Some of the contents are based on Statistical Inference [1] and Introduction to Data Mining, and a blog.

Sometimes, we need to decide whether two variables are related or we need to compare the (strength of) relationships between a bunch a \(X\)s and \(Y\)s. However, we need different types of metrics for different types of data. First we need to know the categorization of data (attributes).

A related topic is feature selection, which might be discussed after.

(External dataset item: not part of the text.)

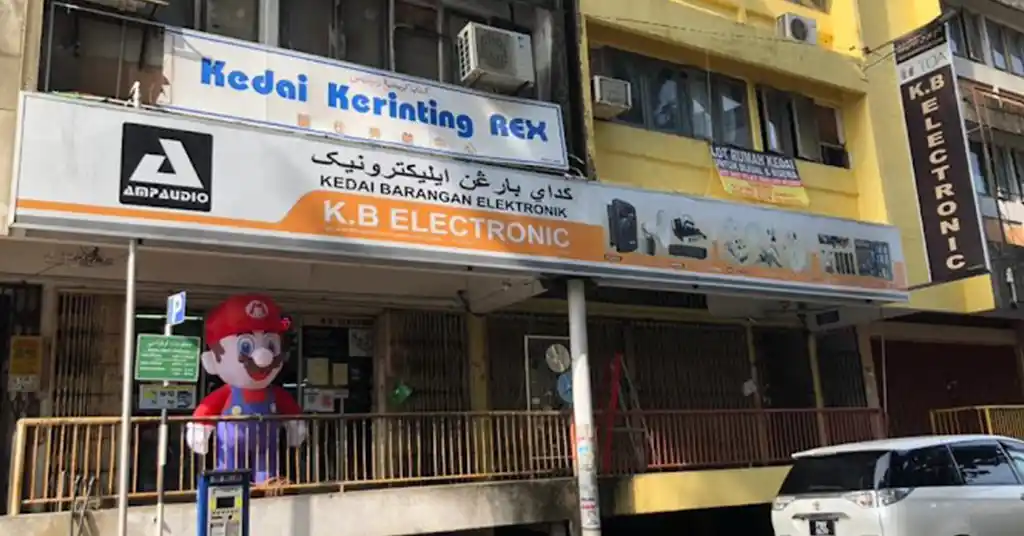 K.B Electronic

Categorization of data (attributes)

  Attribute Type Description Examples Operations
Categorical
Qualitative
Nominal Nominal attribute values only distinguish. (\(=, \ne\)) zip codes, employee ID numbers, eye color, sex: {male, female} mode, entropy, contingency correlation, \(\chi^2\) test
Categorical
Qualitative
Ordinal Ordinal attribute values also order objects. (<, >) hardness of minerals, {good, better, best}, grades, street numbers median, percentiles, rank correlation, run tests, sign tests
Numeric
Quantitative
Interval For interval attributes, differences between values are meaningful. (+, - ) calendar dates, temperature in Celsius or Fahrenheit mean, standard deviation, Pearson’s correlation, t and F tests
Numeric
Quantitative
Ratio For ratio variables, both differences and ratios are meaningful. (*, /) temperature in Kelvin, monetary quantities, counts, age, mass, length, current geometric mean, harmonic mean, percent variation

Numeric v.s. Numeric

Linear Association (Covariance and (Pearson) Correlation)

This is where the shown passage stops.